Plus, if I wanted to avoid enemies, all I had to do was run along the sides of the map. Even in the main storyline, I could just run along the walls and edges of the map to avoid conflicts and save my strength for main bosses. This doesn’t seem like a function Square Enix meant to be possible, but it’s pretty easy to break the random enemy system. Just don’t walk in the middle of the map.
All that doesn’t take away from the combat system, though. The system itself is unique and a lot of fun. It’s just clear not a lot was put into the level design like they were in the main line Final Fantasy VII games.
Crisis Core Has Never Looked Better
Stop me if you’ve heard this one before: A Final Fantasy game has great graphics. Of course, that’s one of the trademarks of Final Fantasy games. They tend to push the boundaries of the system they’re on with every new game. 15 years ago, Crisis Core did that on the PSP, impressing with some amazing graphics for its time.
As this is a remastered version of the game for modern consoles, Crisis Core – Final Fantasy VII – Reunion enhances what Crisis Core accomplished in 2007. It doesn’t exactly push new boundaries, but that’s not really the goal of the 2022 remaster. Even so, the graphics and art still feel modern and clean.
That’s not exclusive to cinematics, either. The art within gameplay also looks fresh and modern. Meanwhile, the cinematics look fantastic. The only part where the graphics do appear to be dated is in dialogue scenarios, although, that’s to be expected in a remaster. It can’t all be perfect. What they were able to accomplish, however, is still impressive.
Should You Play It?
If you are a Final Fantasy fan, someone who played Final Fantasy VII Remake, or simply want a gateway game into the franchise, then you have to play Crisis Core – Final Fantasy VII – Reunion.
Without a doubt, it’s one of the most important games in the entire Final Fantasy VII story. It’s necessary for players to play this game to understand the past in preparation for Final Fantasy VII Rebirth.
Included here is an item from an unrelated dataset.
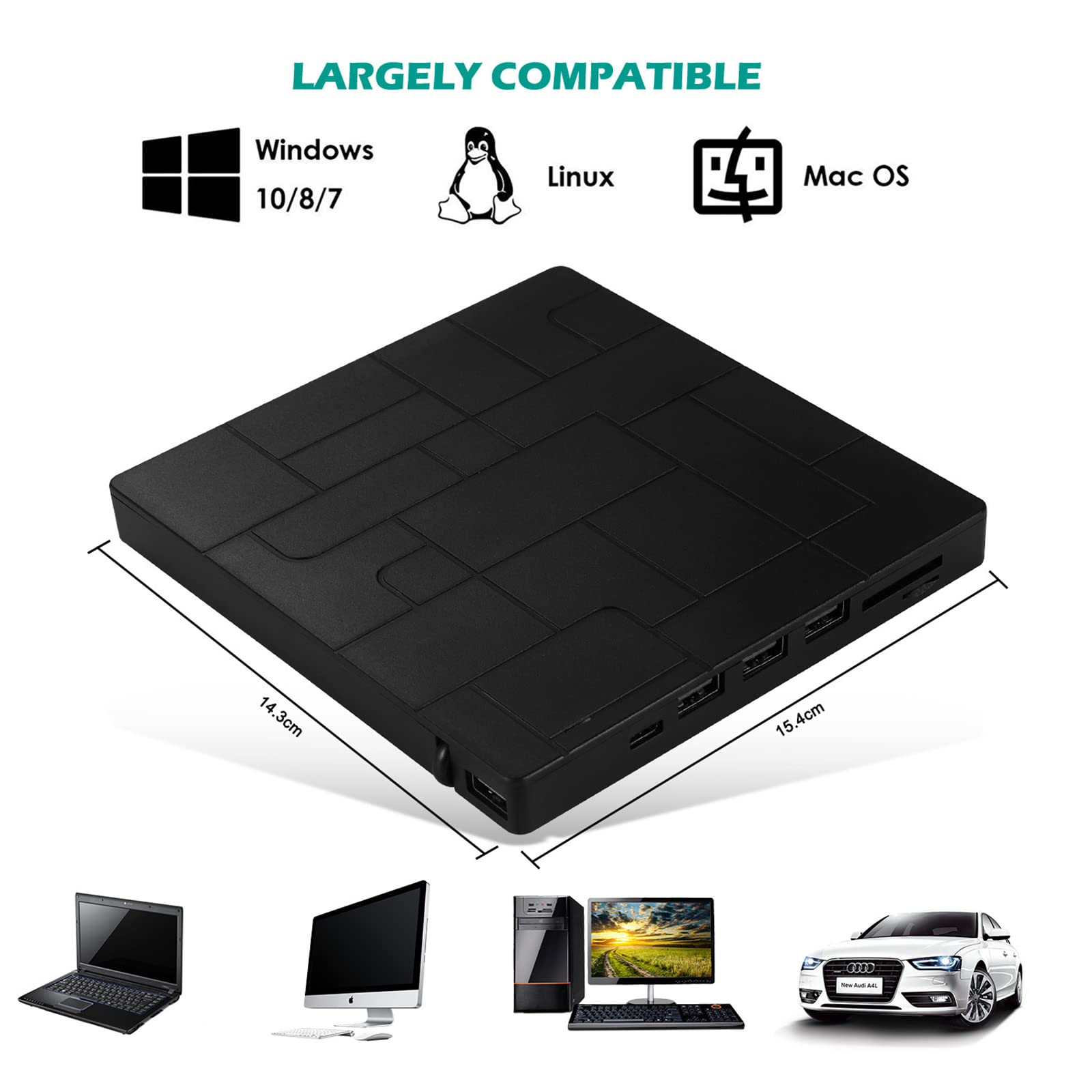 Grabadora de DVD Tipo c Unidad óptica móvil USB3.0 Tarjeta multipuerto Unidad óptica Externa de Interfaz Dual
Even if Final Fantasy VII Rebirth wasn’t a little over a year away, Square Enix was very smart to remaster Crisis Core. More people need to play it and experience its story. It provides depth for characters, but more importantly it tells the story of Zack Fair, the quiet hero of Final Fantasy VII.
The game may not always feel like a $70 AAA game of recent years, but that doesn’t take away from the overall impact of the story. Plus, it’s only about 12-15 hours, which anyone can make quick work of if they need a breather from 40 hour open-world games.
Crisis Core – Final Fantasy VII – Reunion gets our seal of approval as a must-play game for anyone remotely interested in Final Fantasy VII.